The Competitive Enterprise Institute Daily Update

Issues in the News

 

1. LEGAL

The U.S. Supreme Court rules against the EPA’s decision not to regulate carbon dioxide emissions from new vehicles.

CEI Experts Available to Comment: Director of Energy & Global Warming Policy Myron Ebell on the impact of the ruling:

“The Court’s decision empowers EPA to take control of America’s global warming policy. This should certainly be a surprise to Congress, which has been vigorously debating the issue for years. For an agency as unaccountable as EPA to be deputized in this way is bad news for the future of our country.”

 

2. TECHNOLOGY

European regulators investigate Apple’s iTunes service for allegedly anti-competitive business practices.

CEI Experts Available to Comment: Vice President for Policy Wayne Crews on the heavy hand of European regulation:

“If Brussels believes the technology marketplace cannot discipline itself and that micromanagement and penalties—even possible corporate breakup—qualify as sensible public policy, then no intervention is off limits for any competitor. Last year Apple received the ‘Microsoft’ treatment in France, where legislation sought to mandate that music acquired from the iTunes store play on devices other than the iPod.”

 

3. TRADE

House Ways and Means Chairman Charlie Rangel releases a new plan for trade policy.

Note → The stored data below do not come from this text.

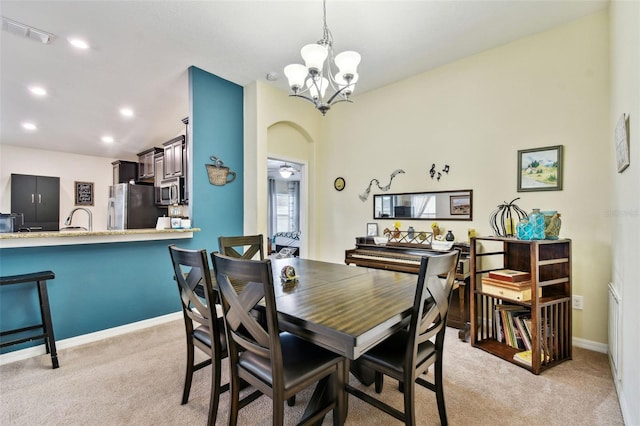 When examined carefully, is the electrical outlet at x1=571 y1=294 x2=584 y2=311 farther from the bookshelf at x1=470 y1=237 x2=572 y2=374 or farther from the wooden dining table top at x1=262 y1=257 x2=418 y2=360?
Result: the wooden dining table top at x1=262 y1=257 x2=418 y2=360

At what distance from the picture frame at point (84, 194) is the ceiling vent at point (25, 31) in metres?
5.47

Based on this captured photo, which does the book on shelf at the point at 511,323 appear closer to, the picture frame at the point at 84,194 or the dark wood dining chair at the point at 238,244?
the dark wood dining chair at the point at 238,244

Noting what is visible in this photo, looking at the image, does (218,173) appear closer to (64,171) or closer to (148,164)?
(148,164)

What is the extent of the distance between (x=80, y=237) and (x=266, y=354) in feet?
7.75

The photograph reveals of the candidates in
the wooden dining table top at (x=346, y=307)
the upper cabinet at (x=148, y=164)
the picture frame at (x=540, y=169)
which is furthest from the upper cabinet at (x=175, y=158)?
the picture frame at (x=540, y=169)

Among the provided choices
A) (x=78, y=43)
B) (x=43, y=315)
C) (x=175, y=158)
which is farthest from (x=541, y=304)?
(x=175, y=158)

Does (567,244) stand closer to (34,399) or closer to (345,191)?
(345,191)

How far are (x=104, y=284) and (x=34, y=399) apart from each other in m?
1.11

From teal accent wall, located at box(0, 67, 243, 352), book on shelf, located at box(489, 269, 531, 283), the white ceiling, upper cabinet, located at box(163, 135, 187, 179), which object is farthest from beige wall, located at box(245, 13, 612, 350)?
upper cabinet, located at box(163, 135, 187, 179)

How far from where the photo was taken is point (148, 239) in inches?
121

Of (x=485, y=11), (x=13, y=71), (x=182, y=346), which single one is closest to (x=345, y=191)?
(x=485, y=11)

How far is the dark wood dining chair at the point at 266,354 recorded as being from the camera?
1.18 metres

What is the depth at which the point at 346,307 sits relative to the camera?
4.51 feet

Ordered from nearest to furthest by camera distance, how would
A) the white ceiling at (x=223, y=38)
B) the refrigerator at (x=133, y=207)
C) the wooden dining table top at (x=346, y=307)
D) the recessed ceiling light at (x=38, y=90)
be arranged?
the wooden dining table top at (x=346, y=307) < the white ceiling at (x=223, y=38) < the recessed ceiling light at (x=38, y=90) < the refrigerator at (x=133, y=207) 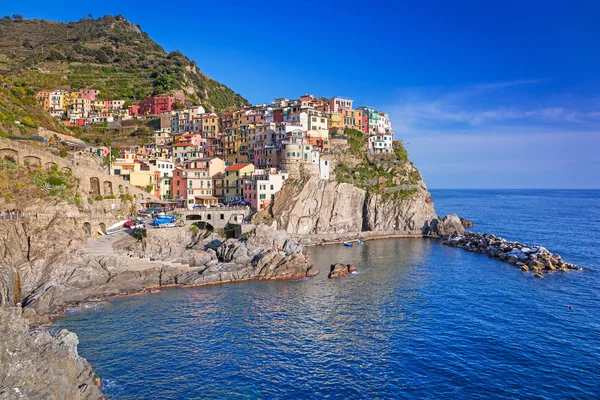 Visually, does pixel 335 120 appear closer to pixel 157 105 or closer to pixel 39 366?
pixel 157 105

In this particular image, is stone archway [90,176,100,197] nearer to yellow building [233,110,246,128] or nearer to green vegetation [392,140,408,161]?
yellow building [233,110,246,128]

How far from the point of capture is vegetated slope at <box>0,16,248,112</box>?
13350 cm

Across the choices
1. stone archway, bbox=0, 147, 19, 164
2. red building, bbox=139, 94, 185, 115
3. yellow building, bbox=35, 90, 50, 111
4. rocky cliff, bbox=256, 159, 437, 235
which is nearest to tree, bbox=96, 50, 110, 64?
yellow building, bbox=35, 90, 50, 111

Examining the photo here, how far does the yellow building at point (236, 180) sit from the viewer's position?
251 feet

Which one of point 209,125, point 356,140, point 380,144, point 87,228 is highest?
point 209,125

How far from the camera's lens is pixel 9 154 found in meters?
53.8

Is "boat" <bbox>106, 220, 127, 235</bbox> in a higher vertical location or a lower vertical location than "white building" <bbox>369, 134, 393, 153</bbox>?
lower

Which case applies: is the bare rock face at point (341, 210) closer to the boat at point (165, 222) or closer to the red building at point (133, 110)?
the boat at point (165, 222)

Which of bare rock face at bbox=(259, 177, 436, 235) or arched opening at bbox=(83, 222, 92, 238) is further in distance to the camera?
bare rock face at bbox=(259, 177, 436, 235)

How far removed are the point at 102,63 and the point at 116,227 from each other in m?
120

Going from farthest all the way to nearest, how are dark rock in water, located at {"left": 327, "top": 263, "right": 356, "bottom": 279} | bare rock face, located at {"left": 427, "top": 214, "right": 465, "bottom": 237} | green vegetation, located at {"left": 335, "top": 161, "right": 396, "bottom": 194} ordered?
green vegetation, located at {"left": 335, "top": 161, "right": 396, "bottom": 194} → bare rock face, located at {"left": 427, "top": 214, "right": 465, "bottom": 237} → dark rock in water, located at {"left": 327, "top": 263, "right": 356, "bottom": 279}

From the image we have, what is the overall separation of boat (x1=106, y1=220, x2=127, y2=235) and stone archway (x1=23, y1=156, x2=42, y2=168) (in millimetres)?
12575

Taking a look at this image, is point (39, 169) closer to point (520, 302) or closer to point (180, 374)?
point (180, 374)

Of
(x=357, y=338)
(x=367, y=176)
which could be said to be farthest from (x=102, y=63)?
(x=357, y=338) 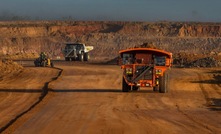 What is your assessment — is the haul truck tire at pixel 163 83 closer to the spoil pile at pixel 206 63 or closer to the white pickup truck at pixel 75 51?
the spoil pile at pixel 206 63

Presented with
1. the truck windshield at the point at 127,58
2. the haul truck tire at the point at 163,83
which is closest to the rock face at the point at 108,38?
the truck windshield at the point at 127,58

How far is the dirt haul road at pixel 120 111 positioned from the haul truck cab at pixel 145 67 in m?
0.55

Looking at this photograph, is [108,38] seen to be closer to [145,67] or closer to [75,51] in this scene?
[75,51]

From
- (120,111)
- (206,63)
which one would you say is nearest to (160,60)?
(120,111)

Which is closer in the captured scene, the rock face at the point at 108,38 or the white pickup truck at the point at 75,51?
the white pickup truck at the point at 75,51

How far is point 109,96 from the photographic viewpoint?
901 inches

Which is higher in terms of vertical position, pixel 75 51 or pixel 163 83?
pixel 163 83

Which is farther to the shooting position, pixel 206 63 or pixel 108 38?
pixel 108 38

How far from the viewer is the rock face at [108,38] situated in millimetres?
96381

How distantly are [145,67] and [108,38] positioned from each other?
82.5m

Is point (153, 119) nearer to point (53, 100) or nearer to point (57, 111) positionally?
point (57, 111)

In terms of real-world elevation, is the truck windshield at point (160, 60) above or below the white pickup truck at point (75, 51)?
above

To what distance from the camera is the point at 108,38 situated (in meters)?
106

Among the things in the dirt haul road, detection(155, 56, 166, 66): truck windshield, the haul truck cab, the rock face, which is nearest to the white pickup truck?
the rock face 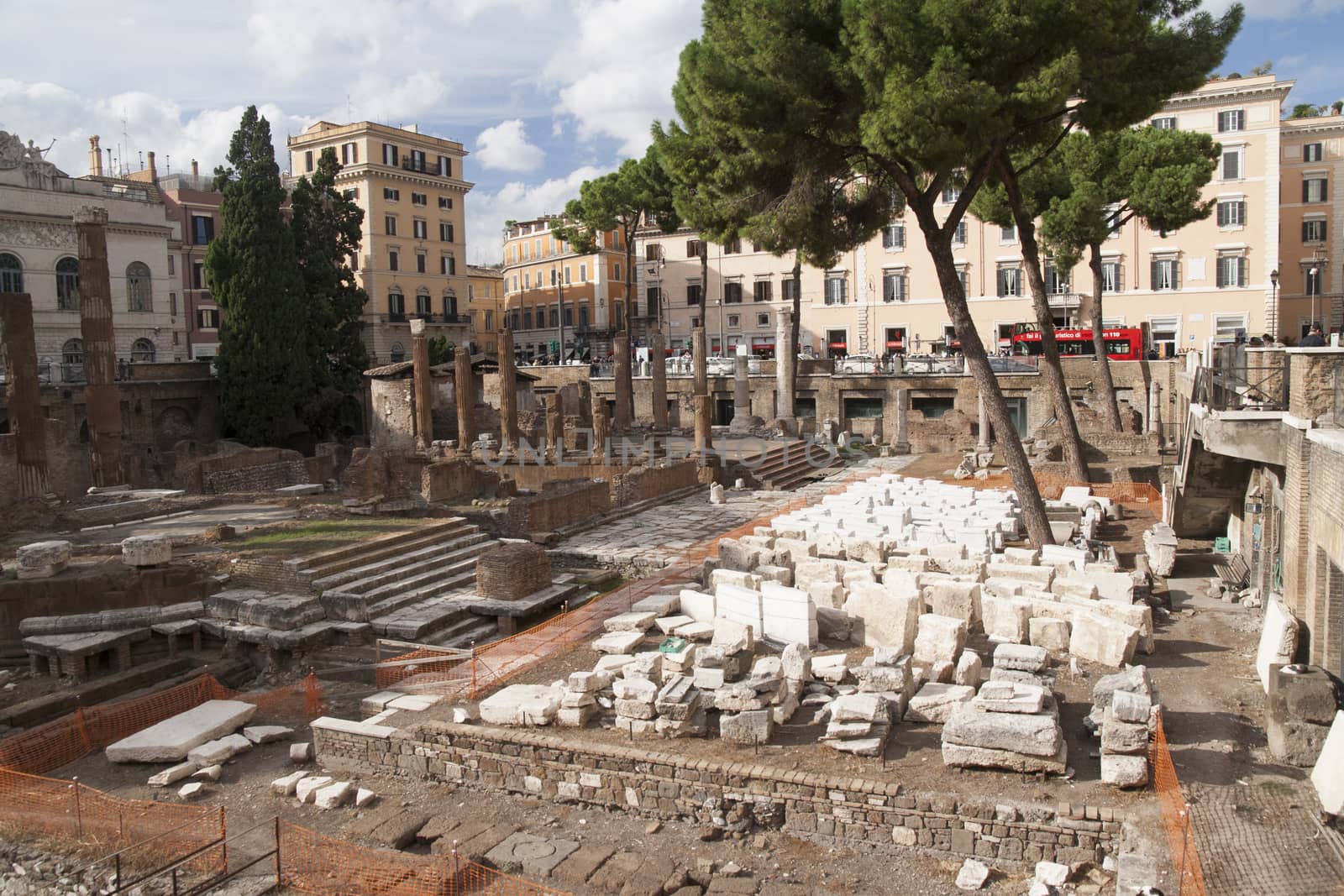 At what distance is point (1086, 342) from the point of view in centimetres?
3750

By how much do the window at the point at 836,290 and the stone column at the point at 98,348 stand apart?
103ft

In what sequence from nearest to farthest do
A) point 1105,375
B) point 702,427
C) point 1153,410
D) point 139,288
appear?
1. point 702,427
2. point 1105,375
3. point 1153,410
4. point 139,288

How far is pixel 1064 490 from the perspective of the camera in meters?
18.5

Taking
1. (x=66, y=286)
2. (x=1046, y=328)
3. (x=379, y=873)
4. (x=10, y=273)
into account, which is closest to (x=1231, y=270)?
(x=1046, y=328)

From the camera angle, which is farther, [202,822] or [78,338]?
[78,338]

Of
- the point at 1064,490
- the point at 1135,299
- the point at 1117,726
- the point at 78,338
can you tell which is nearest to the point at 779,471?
the point at 1064,490

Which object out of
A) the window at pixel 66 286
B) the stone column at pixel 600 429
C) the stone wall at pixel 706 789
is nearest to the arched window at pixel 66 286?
the window at pixel 66 286

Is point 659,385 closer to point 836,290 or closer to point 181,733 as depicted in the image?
point 836,290

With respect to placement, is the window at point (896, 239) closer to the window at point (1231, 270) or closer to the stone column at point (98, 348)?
the window at point (1231, 270)

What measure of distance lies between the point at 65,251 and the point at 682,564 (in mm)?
30159

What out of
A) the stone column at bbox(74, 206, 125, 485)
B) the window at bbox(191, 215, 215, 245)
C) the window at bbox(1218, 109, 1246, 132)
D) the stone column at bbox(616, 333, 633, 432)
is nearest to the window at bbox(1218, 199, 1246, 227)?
the window at bbox(1218, 109, 1246, 132)

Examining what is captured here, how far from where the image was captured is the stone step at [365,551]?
13.5m

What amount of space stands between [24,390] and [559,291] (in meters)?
36.2

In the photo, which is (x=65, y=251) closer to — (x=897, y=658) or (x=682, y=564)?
(x=682, y=564) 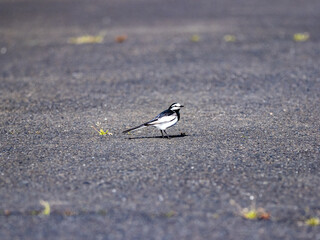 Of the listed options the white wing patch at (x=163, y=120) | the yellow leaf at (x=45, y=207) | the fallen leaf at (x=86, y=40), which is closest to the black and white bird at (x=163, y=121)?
the white wing patch at (x=163, y=120)

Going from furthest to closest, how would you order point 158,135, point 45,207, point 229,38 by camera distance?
point 229,38
point 158,135
point 45,207

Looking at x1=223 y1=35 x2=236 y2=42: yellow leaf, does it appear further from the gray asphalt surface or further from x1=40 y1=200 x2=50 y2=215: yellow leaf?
x1=40 y1=200 x2=50 y2=215: yellow leaf

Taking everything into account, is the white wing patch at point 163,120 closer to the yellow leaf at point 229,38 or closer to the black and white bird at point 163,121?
the black and white bird at point 163,121

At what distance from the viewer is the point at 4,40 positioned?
1748 centimetres

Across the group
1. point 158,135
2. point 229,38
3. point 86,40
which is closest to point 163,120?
point 158,135

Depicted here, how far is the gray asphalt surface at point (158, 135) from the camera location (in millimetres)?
5164

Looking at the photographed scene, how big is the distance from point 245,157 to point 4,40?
13454 millimetres

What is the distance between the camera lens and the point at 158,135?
804 cm

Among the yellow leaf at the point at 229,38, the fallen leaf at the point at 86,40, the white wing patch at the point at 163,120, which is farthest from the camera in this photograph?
the fallen leaf at the point at 86,40

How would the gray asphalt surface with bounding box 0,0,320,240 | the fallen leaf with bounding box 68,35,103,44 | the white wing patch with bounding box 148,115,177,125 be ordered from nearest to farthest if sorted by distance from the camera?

CEI Expert Available to Comment: Bastiat Scholar Doug Bandow on the role organized labor will play in the new plan: 

“[Rangel’s] approach seeks to empower a UN body, the International Labor Organization (ILO)—which promulgates rules on everything from child labor to union organizing—more than the U.S. government. This is what organized labor desires; American unions began taking labor controversies to the ILO years ago.”